» DATA:
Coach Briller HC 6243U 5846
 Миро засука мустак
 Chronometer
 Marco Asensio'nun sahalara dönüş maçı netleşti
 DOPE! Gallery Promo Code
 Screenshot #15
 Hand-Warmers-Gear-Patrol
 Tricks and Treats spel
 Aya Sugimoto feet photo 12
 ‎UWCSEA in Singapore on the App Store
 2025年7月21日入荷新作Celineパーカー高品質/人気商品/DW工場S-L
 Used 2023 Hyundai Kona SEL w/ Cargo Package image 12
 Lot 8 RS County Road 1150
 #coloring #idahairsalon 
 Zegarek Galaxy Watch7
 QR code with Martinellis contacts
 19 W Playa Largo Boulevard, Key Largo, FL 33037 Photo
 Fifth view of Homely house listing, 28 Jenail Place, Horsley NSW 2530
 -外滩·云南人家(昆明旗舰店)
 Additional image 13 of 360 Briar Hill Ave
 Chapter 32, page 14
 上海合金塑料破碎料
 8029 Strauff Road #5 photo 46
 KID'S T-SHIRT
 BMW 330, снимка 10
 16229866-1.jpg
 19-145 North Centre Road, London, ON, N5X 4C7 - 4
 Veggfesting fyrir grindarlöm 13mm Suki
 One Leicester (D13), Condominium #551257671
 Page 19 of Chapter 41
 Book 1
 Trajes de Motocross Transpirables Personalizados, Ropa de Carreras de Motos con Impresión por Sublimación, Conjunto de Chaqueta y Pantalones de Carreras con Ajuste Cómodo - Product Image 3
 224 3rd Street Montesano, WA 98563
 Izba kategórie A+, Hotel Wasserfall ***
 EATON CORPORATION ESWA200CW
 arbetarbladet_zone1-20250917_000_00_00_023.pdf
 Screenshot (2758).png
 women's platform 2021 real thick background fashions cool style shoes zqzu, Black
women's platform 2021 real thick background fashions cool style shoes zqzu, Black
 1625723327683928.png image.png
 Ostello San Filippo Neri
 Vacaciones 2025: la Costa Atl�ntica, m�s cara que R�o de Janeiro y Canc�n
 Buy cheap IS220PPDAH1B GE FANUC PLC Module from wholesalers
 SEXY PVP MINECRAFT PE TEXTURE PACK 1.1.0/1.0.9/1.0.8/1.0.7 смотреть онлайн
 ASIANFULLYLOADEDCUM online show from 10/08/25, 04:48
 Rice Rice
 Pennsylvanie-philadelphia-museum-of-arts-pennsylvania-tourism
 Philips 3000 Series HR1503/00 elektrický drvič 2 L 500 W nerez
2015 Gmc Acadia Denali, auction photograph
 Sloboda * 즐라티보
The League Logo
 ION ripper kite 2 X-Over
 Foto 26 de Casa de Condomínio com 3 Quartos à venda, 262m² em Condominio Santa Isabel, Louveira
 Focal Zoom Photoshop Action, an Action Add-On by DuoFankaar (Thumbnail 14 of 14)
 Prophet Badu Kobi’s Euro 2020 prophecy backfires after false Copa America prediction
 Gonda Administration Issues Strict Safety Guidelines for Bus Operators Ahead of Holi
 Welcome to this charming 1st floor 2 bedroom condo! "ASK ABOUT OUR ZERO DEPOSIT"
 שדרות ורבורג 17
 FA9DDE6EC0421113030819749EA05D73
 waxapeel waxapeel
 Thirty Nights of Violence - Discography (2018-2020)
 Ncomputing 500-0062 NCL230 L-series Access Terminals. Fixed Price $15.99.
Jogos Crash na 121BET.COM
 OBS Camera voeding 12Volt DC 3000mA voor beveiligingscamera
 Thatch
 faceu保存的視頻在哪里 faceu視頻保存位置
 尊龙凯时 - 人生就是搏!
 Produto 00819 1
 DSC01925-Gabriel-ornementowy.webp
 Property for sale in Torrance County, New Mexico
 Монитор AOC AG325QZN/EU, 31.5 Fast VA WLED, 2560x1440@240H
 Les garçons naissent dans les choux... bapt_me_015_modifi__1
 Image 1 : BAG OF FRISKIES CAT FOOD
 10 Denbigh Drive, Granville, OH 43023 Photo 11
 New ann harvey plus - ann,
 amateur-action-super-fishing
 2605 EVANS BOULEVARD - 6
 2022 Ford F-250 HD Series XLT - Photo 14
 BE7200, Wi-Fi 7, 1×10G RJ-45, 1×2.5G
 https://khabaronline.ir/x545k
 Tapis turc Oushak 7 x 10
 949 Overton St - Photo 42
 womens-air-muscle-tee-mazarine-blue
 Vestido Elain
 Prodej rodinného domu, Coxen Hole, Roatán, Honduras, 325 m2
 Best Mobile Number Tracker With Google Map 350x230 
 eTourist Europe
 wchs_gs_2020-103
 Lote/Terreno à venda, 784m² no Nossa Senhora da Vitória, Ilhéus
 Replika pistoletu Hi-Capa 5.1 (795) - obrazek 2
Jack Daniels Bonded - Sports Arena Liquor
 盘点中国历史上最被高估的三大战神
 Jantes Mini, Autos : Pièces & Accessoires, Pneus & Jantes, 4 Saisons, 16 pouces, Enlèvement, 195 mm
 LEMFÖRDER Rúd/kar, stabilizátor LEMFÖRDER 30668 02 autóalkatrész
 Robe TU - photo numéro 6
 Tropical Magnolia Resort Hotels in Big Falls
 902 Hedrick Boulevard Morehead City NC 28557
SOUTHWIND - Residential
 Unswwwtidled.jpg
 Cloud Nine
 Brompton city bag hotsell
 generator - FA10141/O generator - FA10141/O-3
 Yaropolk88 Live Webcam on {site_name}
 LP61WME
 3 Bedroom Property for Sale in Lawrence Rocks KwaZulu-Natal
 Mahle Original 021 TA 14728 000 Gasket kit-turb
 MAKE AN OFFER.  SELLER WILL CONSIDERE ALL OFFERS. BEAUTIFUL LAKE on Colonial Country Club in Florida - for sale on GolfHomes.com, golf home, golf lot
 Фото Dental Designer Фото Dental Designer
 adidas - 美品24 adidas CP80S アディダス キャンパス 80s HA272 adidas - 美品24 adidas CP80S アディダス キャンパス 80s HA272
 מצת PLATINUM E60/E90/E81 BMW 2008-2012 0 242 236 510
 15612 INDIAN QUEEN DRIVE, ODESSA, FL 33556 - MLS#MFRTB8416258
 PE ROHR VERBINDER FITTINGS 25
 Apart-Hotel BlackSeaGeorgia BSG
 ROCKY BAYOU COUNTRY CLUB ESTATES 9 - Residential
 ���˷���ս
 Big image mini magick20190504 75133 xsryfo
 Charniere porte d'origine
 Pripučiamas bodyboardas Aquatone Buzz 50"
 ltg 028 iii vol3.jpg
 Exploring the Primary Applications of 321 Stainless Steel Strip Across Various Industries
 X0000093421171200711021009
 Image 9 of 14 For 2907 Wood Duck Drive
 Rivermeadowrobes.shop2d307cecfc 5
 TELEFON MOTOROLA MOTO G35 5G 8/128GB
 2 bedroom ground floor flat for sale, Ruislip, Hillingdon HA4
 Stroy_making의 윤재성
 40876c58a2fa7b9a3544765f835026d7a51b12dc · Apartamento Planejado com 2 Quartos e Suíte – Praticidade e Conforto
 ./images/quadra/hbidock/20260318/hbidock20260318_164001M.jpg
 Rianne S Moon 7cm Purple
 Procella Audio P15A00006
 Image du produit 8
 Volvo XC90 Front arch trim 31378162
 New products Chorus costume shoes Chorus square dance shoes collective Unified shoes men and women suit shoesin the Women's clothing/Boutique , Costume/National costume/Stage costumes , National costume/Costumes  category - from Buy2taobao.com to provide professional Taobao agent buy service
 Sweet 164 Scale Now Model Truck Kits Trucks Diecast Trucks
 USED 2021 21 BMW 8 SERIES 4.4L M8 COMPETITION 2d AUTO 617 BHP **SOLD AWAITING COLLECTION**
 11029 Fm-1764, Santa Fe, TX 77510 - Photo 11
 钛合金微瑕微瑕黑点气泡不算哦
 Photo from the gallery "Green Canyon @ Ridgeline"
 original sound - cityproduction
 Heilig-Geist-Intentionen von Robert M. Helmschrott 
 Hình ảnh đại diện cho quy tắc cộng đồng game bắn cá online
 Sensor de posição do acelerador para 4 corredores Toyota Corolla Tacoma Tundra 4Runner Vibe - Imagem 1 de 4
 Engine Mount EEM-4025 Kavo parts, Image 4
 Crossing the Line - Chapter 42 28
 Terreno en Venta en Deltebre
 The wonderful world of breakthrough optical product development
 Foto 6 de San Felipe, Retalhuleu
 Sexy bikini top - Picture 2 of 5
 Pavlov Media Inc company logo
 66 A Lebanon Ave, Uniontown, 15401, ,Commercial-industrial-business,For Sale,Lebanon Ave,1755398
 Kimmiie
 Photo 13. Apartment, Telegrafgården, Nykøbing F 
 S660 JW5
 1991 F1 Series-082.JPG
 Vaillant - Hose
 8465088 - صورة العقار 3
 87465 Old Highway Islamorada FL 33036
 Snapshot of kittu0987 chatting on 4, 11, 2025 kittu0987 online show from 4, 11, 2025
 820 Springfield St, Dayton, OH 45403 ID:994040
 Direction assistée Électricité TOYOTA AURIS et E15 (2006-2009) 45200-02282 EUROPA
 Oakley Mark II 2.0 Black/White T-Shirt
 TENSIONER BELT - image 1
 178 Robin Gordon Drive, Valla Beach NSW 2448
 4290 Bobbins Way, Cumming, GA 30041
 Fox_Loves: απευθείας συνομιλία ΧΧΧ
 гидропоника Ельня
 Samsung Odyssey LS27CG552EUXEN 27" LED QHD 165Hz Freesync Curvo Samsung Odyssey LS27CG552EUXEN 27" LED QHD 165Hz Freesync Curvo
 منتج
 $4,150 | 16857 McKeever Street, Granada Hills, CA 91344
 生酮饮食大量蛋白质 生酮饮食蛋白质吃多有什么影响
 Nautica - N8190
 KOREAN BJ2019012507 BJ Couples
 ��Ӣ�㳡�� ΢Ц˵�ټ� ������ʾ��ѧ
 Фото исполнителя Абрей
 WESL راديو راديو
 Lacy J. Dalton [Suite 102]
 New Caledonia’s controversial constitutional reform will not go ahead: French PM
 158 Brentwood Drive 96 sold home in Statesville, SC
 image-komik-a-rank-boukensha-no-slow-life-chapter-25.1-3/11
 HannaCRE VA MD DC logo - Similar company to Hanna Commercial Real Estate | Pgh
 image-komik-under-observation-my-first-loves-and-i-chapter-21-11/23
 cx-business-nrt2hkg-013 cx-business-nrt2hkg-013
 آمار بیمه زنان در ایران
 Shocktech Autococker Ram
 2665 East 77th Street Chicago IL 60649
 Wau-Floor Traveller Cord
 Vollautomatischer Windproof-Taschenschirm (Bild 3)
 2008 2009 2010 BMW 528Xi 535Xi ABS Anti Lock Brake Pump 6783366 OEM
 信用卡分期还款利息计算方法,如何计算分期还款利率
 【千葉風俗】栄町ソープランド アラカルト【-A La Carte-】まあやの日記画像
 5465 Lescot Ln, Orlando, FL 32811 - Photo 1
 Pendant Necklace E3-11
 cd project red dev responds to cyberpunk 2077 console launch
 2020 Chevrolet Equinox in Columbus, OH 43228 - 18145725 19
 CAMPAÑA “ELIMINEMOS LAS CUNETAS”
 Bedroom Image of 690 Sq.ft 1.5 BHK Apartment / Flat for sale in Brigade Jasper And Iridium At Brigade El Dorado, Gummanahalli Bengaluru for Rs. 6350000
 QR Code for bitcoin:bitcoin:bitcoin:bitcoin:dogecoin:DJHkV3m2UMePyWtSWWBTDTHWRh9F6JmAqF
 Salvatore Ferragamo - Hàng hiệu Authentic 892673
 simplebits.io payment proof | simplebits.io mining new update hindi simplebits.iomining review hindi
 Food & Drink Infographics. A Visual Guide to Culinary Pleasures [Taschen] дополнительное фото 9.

» WORK INSTRUCTIONS:
Filter the records for lines holding the string "fashions". Copy each one.

» EXERCISE RESULT:
 women's platform 2021 real thick background fashions cool style shoes zqzu, Black
women's platform 2021 real thick background fashions cool style shoes zqzu, Black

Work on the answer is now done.